[Collected data entries]
* * * * * * * * *

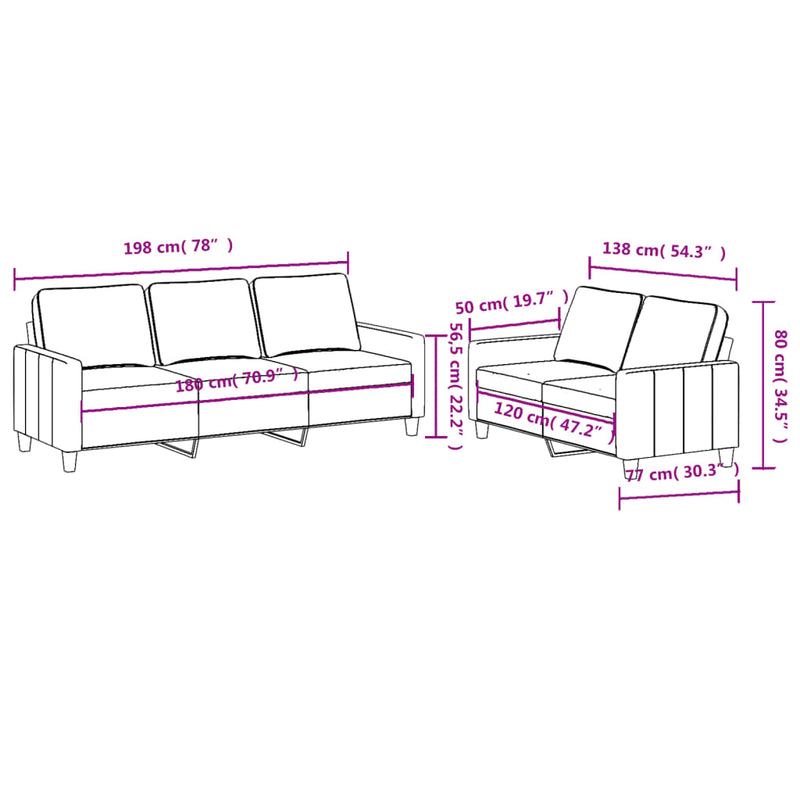 Set de canapele cu perne, 2 piese, gri închis, textil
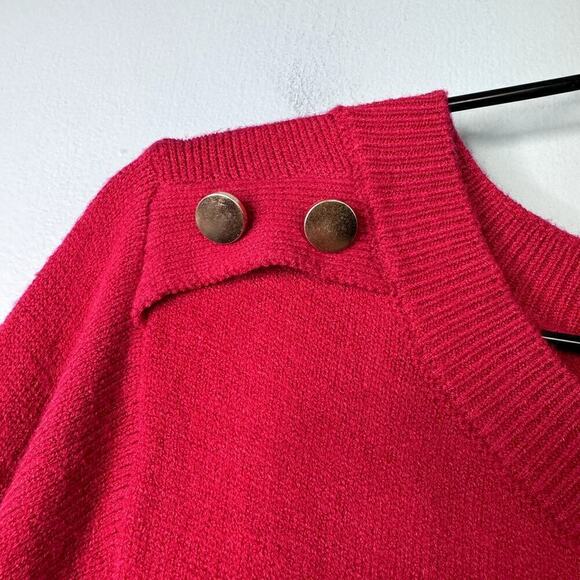 Lane Bryant Red Pullover Sweater Gold Button Shoulder Detail Women's Size 22/24 - Picture 8 of 12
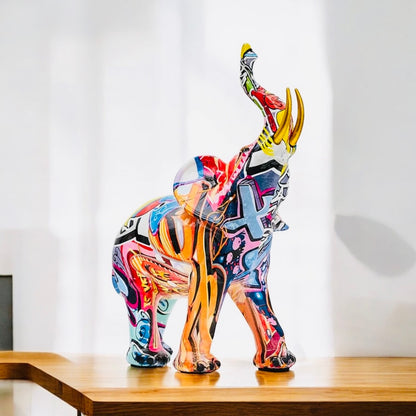 The Jaipur Royal Multicolor Pop Art Elephant Table Decorative Showpiece (Big)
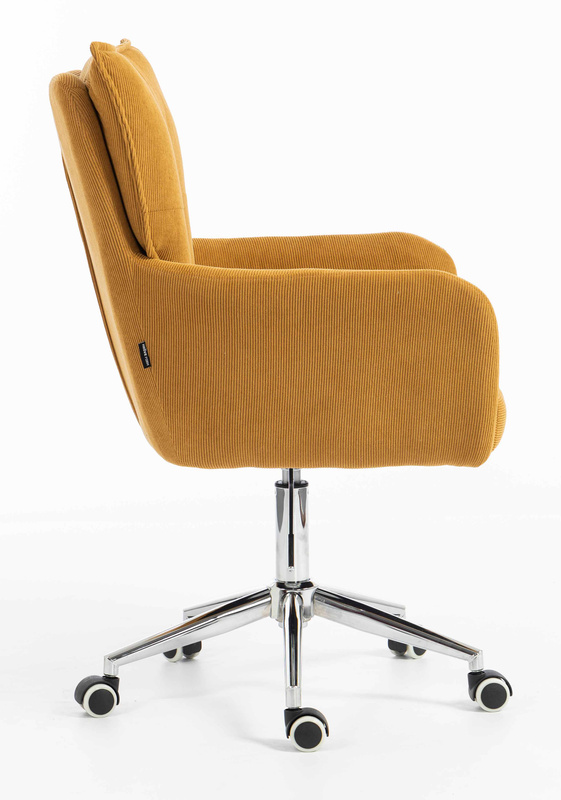 HR250K Scaun Catifea Reiată Premium Ruloare Curry Galben Bază Cromata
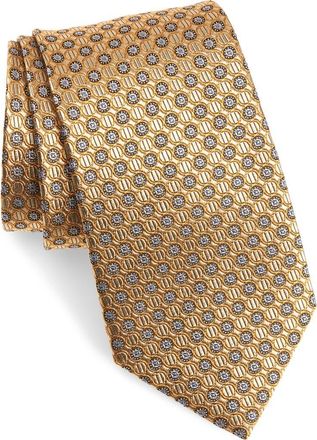 Nordstrom Neat Silk Tie in Yellow at Nordstrom, Size Regular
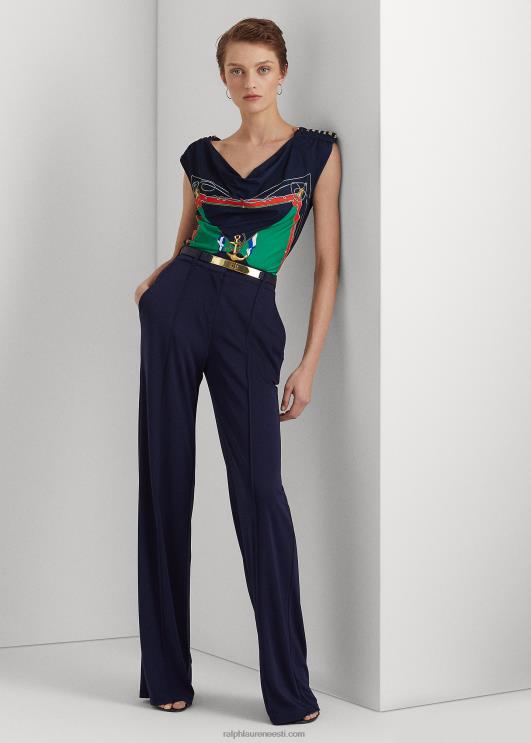 Ralph Lauren naised prindiga jersey varrukateta kaelusega topp PR0V4847 mereväe/roheline multi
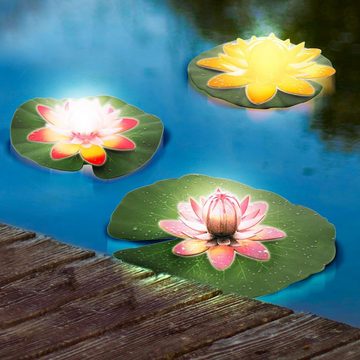 etc-shop Gartenleuchte, Leuchtmittel inklusive, Warmweiß, 6er Set Wasser Lilien Outdoor Rosen Design farbig IP44 Teich See Park
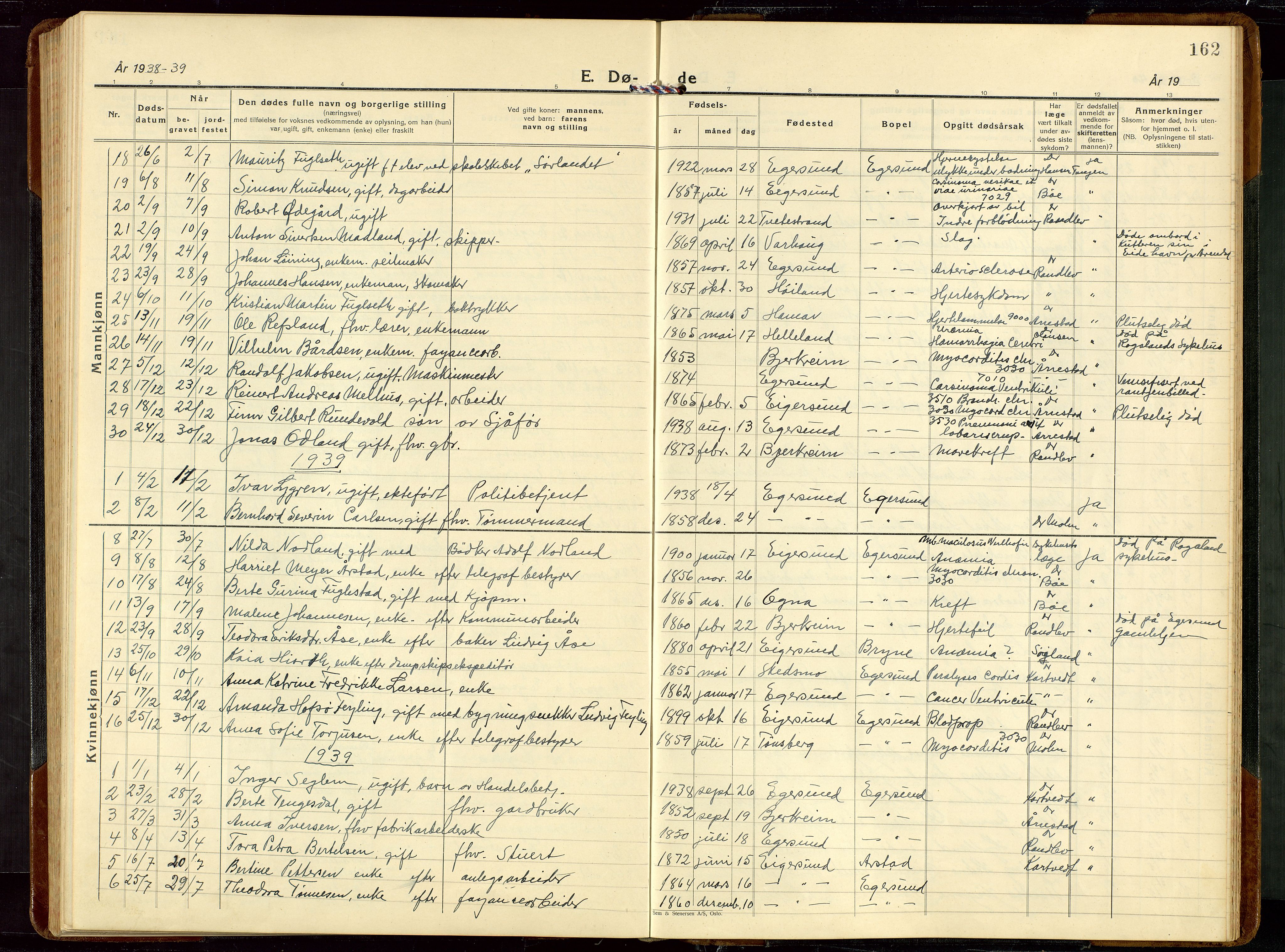 Eigersund sokneprestkontor, SAST/A-101807/S09/L0014: Parish register (copy) no. B 14, 1931-1949, p. 162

* * * * * * * * *

# [Task directions]
Every line from the one containing "Lane Bryant Red" through the end of the records is to be returned exactly, and those lines alone; pictures are dropped.

# [Answer to this task]
 Lane Bryant Red Pullover Sweater Gold Button Shoulder Detail Women's Size 22/24 - Picture 8 of 12
 The Jaipur Royal Multicolor Pop Art Elephant Table Decorative Showpiece (Big)
 HR250K Scaun Catifea Reiată Premium Ruloare Curry Galben Bază Cromata
 Nordstrom Neat Silk Tie in Yellow at Nordstrom, Size Regular
 Ralph Lauren naised prindiga jersey varrukateta kaelusega topp PR0V4847 mereväe/roheline multi
 etc-shop Gartenleuchte, Leuchtmittel inklusive, Warmweiß, 6er Set Wasser Lilien Outdoor Rosen Design farbig IP44 Teich See Park
 Eigersund sokneprestkontor, SAST/A-101807/S09/L0014: Parish register (copy) no. B 14, 1931-1949, p. 162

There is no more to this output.